THE TASK: First find the line with "Invitación Minimal Burgundy" in the entries below, then set down exactly every line through the line with "Brand Men's Snow", that line included.

DATA IN THIS EXERCISE:

⟨

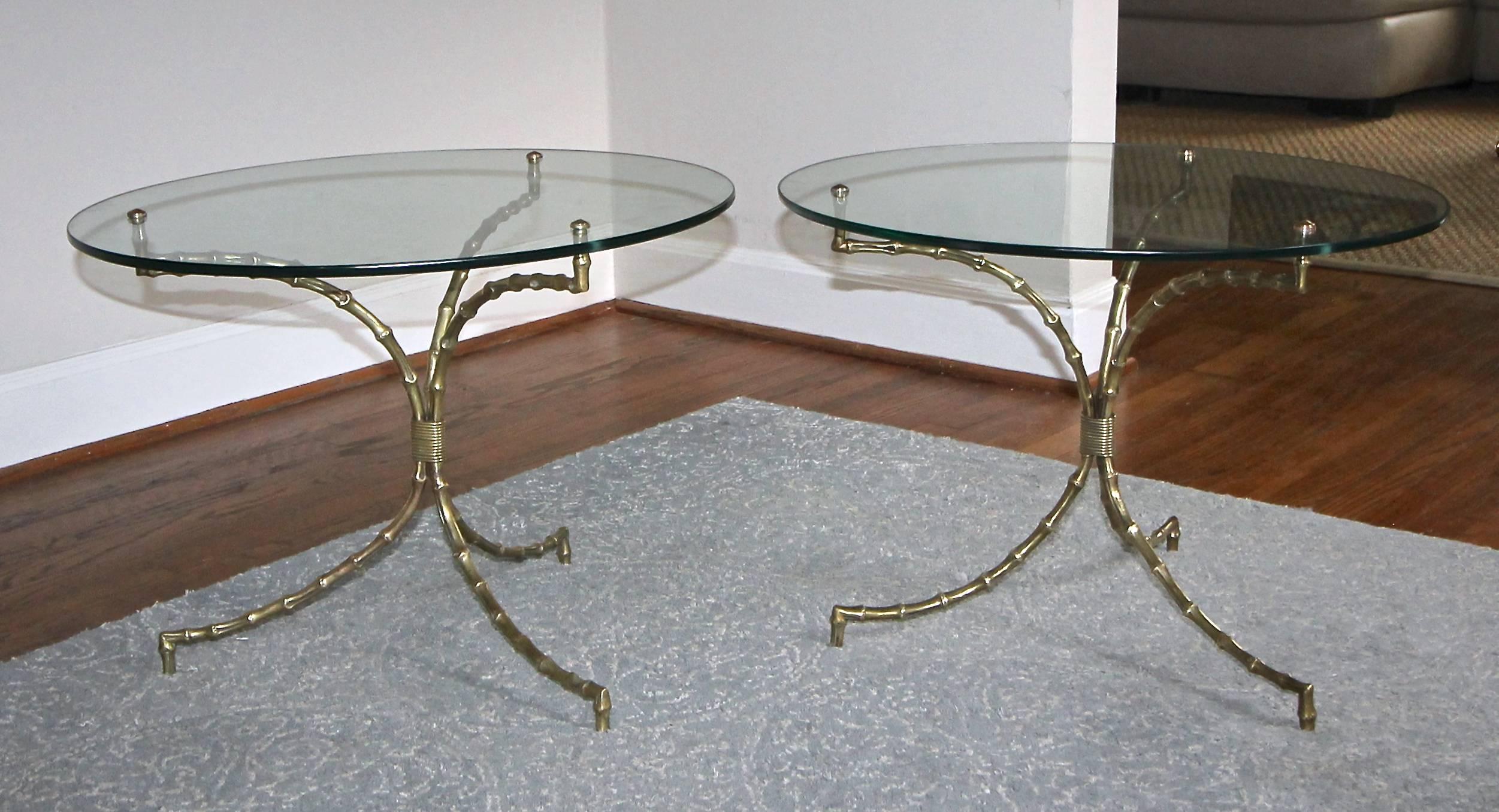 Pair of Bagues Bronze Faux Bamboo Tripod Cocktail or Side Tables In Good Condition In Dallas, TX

⟩
⟨

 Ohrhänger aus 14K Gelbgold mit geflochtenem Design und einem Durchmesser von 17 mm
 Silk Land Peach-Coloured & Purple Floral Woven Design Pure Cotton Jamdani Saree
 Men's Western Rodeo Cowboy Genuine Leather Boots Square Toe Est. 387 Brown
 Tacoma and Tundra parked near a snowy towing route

⟩
⟨

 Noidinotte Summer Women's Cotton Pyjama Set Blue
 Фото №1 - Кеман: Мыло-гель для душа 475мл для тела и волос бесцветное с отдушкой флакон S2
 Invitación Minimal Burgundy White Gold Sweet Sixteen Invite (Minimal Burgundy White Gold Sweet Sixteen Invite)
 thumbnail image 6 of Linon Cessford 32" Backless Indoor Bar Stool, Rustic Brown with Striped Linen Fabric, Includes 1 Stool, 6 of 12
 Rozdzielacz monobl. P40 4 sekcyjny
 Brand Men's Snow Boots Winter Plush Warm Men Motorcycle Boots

⟩

TASK SOLUTION:
 Invitación Minimal Burgundy White Gold Sweet Sixteen Invite (Minimal Burgundy White Gold Sweet Sixteen Invite)
 thumbnail image 6 of Linon Cessford 32" Backless Indoor Bar Stool, Rustic Brown with Striped Linen Fabric, Includes 1 Stool, 6 of 12
 Rozdzielacz monobl. P40 4 sekcyjny
 Brand Men's Snow Boots Winter Plush Warm Men Motorcycle Boots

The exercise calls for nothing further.